Segundo levantamento da Elos Ayta Consultoria, após a troca de Jean Paul Prates por Magda Chambriard, em decisão do presidente Lula (PT), a Petrobras saiu de um retorno no ano de 17,7%, para 10,58% e perdeu cerca de R$ 35 bilhões em valor de mercado, hoje em R$ 512 bilhões. Petrobras e Vale representam, juntas, cerca de 30% do Ibovespa, quase 15% cada.
Apesar dos números dramáticos, os analistas ressaltam que a volatilidade faz parte do mercado de ações e cenários de baixa são oportunidades de entrada. “A Bolsa brasileira está muito barata e há vários segmentos que podem ser favorecidos. A única coisa que o investidor controla é o preço de entrada nos ativos”, diz. Por isso, é um bom negócio para quem tem paciência e pode esperar.
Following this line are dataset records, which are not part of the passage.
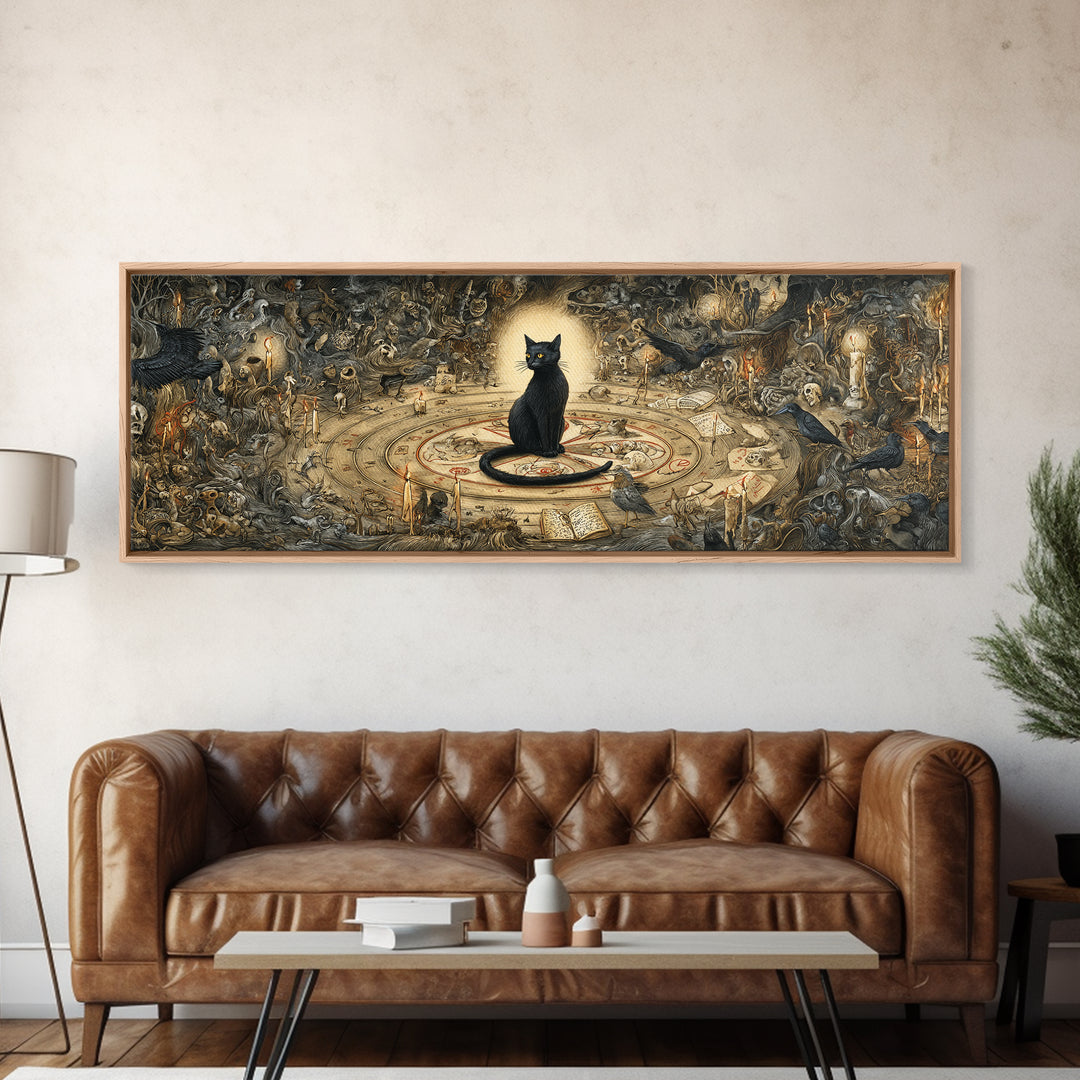 The Black Cat Familiar, Medieval Grotesque Art, Extra Wide Wall Art, Dark Halloween Decor, Canvas Print, Halloween Wall Art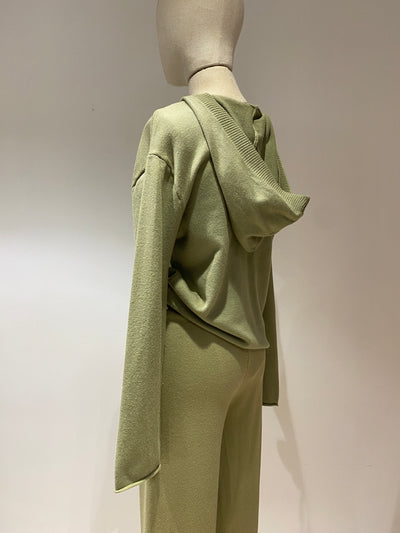 Knit Hoodie and Jogger Pants Co-ord Set - Pistachio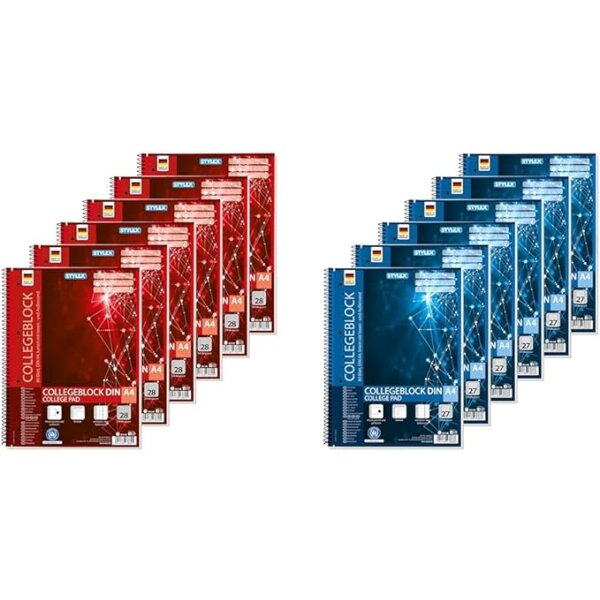 12 X  Stylex Spiral-Collegeblock DIN A4 liniert & kariert - 80 Blatt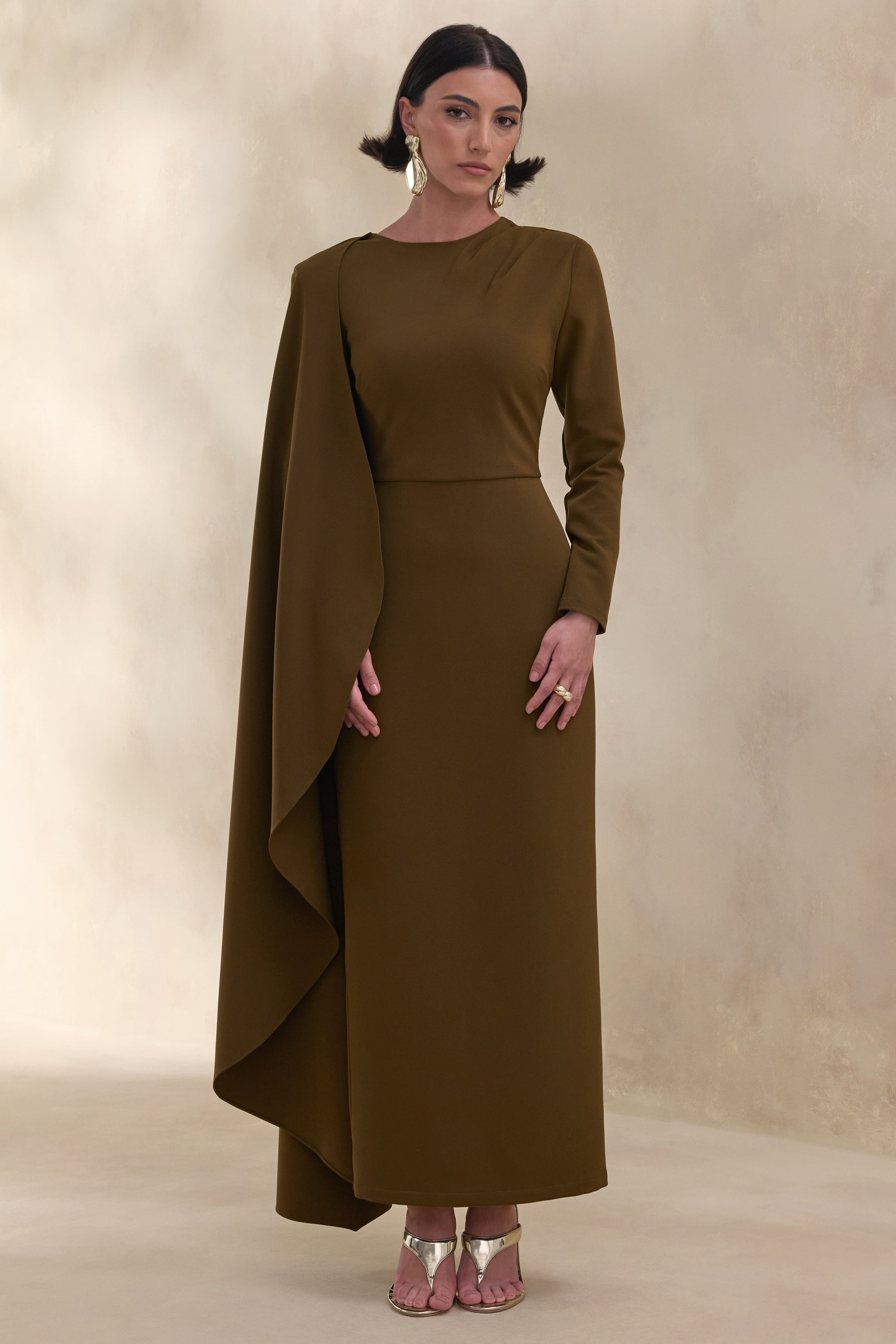 Jovea | Olive Round-Neck Maxi Dress With Cape-Sleeve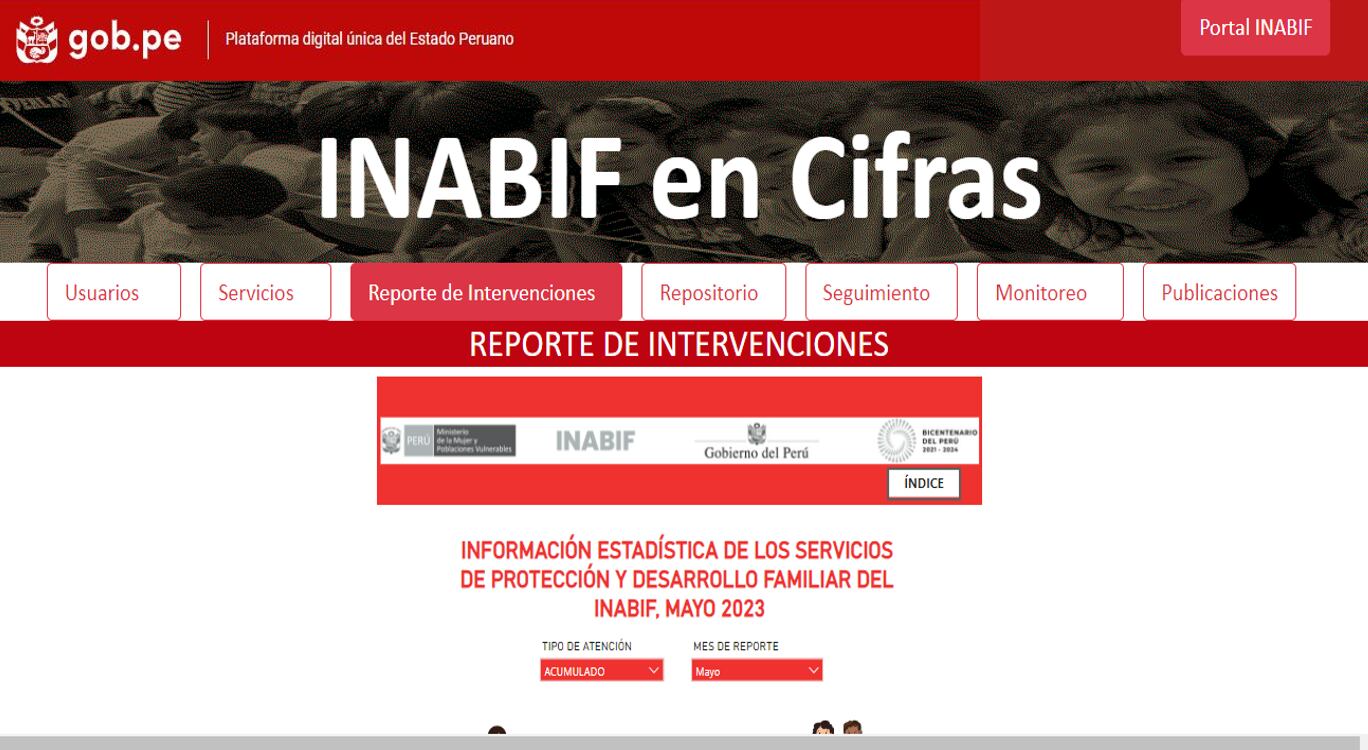 En ‘Inabif en Cifras’, las personas pueden acceder a investigaciones y publicaciones que produce el Programa. (Foto: Captura)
Segundo a analista, o cenário externo vai acabar favorecendo o país. “A hora que o Fed [banco central americano] sinalizar um corte de juros, o mercado vai reagir”, prevê. Com relação ao fator doméstico, a maior parte do risco fiscal já está precificado. “O que precisa mesmo é ter uma redução de ruído. Vimos isso no final do ano passado, quando teve pouca notícia negativa e o Ibovespa subiu 18% entre novembro e dezembro”, lembra. ” Não acho que o Brasil vai virar os Estados Unidos, não acho que vai virar um país excelente, mas eu acho que só de ter uma diminuição do ruído já vai ajudar muito”.